In Dewolfe v. Miller, 145 P.3d 338, 347-348, 208 Or. App. 726 (Or. App., 2006), the court held:
The long-established rule is that a party seeking modification of custody must “show a change of circumstances arising subsequent to the making of the last order respecting custody” and that changing custody would benefit the child. Henrickson v. Henrickson, 225 Or. 398, 402, 403, 358 P.2d 507 (1961). The “change of circumstances” requirement is satisfied “[i]f circumstances relating to the capability of one or both parents to care for their child have changed since the previous custody arrangement[.]” State ex rel Johnson v. Bail, 325 Or. 392, 394, 938 P.2d 209 (1997). The court considers the best interests of the child only if a change of circumstances is established. Id. at 397, 938 P.2d 209.

The change in circumstances rule is meant to avoid repeated litigation and promote stability for the child. Id. at 398, 938 P.2d 209; Ortiz and Ortiz, 310 Or. 644, 649, 801 P.2d 767 (1990). Unless the parent seeking a custody modification “establishes that the facts that formed the basis for the prior custody determination have changed materially by the time of the modification hearing, the prior adjudication is preclusive with respect to the issue of the best interests of the child under the extant facts.” Johnson, 325 Or. at 398, 938 P.2d 209. That preclusive effect means that a parent seeking a change in custody cannot rely, to establish a change in circumstances, on evidence that was or could have been introduced in the earlier custody proceeding.

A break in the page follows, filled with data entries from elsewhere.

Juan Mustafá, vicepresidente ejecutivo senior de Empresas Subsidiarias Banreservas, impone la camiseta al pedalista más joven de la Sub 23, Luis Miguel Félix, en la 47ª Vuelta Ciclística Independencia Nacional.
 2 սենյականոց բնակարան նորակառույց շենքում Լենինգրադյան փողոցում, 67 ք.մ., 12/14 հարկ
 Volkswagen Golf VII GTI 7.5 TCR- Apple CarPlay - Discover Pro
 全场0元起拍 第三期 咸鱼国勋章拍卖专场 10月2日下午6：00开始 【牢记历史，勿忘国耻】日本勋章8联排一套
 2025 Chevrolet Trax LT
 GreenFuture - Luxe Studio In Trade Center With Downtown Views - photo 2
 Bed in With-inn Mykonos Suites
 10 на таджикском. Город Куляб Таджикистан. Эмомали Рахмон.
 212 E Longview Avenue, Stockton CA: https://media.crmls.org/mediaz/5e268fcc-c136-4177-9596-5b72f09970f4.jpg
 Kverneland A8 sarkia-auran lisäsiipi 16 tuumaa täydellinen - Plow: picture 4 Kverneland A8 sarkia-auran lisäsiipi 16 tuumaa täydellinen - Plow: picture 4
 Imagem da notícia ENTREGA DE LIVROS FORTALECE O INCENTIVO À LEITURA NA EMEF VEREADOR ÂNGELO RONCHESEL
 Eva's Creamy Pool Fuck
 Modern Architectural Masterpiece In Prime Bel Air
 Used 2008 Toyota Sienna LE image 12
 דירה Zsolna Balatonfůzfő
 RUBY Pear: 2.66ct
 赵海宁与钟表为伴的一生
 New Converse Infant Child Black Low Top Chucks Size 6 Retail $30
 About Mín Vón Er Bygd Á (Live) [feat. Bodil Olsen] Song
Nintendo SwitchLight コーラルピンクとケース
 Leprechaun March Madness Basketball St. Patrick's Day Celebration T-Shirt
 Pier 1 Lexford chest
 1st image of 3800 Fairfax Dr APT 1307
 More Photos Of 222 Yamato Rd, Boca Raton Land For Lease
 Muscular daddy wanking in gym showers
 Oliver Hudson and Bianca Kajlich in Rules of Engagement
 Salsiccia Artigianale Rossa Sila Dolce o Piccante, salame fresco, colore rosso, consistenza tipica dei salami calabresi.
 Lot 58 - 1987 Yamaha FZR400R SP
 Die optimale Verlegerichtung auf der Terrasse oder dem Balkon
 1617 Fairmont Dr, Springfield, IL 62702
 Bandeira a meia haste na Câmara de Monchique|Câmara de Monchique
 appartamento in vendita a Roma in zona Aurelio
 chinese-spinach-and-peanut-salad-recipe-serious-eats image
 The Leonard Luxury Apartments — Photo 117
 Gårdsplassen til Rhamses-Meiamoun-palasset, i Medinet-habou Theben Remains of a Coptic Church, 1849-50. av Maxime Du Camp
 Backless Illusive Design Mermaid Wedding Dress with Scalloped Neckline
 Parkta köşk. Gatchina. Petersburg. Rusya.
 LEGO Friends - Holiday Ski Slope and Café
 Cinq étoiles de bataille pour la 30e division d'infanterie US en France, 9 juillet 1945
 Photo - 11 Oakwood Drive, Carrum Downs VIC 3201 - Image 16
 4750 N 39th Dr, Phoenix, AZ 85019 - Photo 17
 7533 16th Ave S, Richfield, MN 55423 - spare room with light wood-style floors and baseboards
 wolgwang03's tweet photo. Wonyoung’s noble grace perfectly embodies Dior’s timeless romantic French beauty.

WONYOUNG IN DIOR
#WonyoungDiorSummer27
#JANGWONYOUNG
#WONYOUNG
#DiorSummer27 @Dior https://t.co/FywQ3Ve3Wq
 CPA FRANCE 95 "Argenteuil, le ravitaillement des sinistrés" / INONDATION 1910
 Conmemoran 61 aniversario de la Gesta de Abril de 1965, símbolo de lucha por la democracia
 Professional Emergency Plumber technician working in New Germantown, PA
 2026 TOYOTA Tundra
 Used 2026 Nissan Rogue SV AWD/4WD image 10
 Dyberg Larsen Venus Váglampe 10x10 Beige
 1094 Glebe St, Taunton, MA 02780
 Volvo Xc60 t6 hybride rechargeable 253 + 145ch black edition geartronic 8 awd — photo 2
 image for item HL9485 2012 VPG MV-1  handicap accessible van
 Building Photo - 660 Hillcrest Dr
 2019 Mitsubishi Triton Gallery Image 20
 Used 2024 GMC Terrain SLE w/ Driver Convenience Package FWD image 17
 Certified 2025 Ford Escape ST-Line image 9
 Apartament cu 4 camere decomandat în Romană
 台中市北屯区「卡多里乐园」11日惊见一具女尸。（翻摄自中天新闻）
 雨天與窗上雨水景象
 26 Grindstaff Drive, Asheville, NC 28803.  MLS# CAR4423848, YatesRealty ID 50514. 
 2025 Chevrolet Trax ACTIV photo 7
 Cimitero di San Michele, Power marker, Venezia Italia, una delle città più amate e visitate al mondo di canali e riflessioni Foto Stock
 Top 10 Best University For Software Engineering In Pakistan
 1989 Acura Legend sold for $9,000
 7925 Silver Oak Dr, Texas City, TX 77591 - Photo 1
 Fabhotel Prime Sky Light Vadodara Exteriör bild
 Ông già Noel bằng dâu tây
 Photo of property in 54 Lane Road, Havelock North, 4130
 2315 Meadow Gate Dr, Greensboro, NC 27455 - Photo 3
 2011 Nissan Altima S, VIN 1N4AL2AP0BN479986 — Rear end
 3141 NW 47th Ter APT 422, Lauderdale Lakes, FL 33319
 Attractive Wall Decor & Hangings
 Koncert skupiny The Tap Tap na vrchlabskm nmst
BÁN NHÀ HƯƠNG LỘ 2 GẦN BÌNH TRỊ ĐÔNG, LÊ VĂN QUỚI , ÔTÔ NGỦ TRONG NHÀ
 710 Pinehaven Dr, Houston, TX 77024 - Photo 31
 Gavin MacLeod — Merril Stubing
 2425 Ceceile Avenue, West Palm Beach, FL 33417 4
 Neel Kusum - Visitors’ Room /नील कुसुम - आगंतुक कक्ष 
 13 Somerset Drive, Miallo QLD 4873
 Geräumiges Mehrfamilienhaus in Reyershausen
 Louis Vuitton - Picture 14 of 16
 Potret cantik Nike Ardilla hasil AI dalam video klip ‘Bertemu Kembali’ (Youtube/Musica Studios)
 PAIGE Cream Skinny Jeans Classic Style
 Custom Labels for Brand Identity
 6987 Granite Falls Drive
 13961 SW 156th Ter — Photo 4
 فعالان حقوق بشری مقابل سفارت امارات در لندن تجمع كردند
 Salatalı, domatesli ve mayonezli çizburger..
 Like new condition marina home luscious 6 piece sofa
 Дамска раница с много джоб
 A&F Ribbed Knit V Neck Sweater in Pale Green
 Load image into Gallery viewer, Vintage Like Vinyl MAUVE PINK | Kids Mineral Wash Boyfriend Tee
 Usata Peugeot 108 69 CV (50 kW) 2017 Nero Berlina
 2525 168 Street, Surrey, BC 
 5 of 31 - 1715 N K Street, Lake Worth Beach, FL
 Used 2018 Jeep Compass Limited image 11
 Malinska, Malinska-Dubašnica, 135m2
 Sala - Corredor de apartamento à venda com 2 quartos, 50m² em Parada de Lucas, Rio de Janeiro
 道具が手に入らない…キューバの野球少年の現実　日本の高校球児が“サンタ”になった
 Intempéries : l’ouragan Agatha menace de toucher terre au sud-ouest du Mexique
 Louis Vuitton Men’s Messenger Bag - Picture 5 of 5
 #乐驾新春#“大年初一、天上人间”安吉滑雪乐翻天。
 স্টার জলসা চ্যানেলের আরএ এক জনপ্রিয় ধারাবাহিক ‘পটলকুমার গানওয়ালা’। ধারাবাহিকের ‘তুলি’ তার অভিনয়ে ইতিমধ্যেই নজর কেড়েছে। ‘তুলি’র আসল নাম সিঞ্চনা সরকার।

For example, a mother “could not obtain a change in custody solely upon the basis of evidence of the father’s conduct as shown in the transcript of the original proceeding or additional evidence which could have been introduced in the first proceeding but was not. In either instance, the decision in the prior proceeding would be res judicata in a subsequent modification proceeding, assuming that there was no evidence of a change in circumstances after the original decree.” Greisamer and Greisamer, 276 Or. 397, 401-02, 555 P.2d 28 (1976) (italics added); see also Henrickson, 225 Or. at 402, 358 P.2d 507 (“The net effect of our earlier decisions is to render every prior custody order res judicata in any later modification matter.” (Italics added.)).

Under such res judicata principles, a purportedly changed circumstance cannot be a circumstance that the court contemplated at the time of the earlier determination. See Padbury and Padbury, 46 Or.App. 533, 536, 612 P.2d 321 (1980) (stating that change in circumstances “must be a change which was not contemplated at the time of the original decree” and the child’s increased age was not such a change); Wyatt and Wyatt, 36 Or. App. 563, 566 n. 1, 585 P.2d 31, rev. den., 284 Or. 521 (1978) (noting that the mother’s graduation from school and new employment “would not be a sufficient change of circumstances standing alone as it would have been reasonably contemplated at the time the decree was entered”). That rule also applies when a parent fails to raise a known circumstance in an earlier custody proceeding. In Southworth and Southworth, 113 Or.App. 607, 835 P.2d 122, rev. den., 314 Or. 574, 840 P.2d 1296 (1992), we did not consider the mother’s nudist lifestyle to be a change in circumstances. Although the court was unaware of that lifestyle at the time of the initial judgment, the father and his attorney knew and failed to raise the matter before the judgment was signed and entered. We explained, “If father thought that the evidence was relevant to mother’s capacity to care for their child, he should have brought it to the court’s attention, instead of reserving it for use in relitigating the issue of custody.” Id. at 614, 835 P.2d 122.” Id. at 347-348.

Accordingly, so long as there has been an unanticipated substantial change of circumstances since the award of custody to your ex-husband, you can bring a motion to modify custody. In order to prevail on your motion, you will need to prove it is in your children’s best interests that you be awarded custody instead.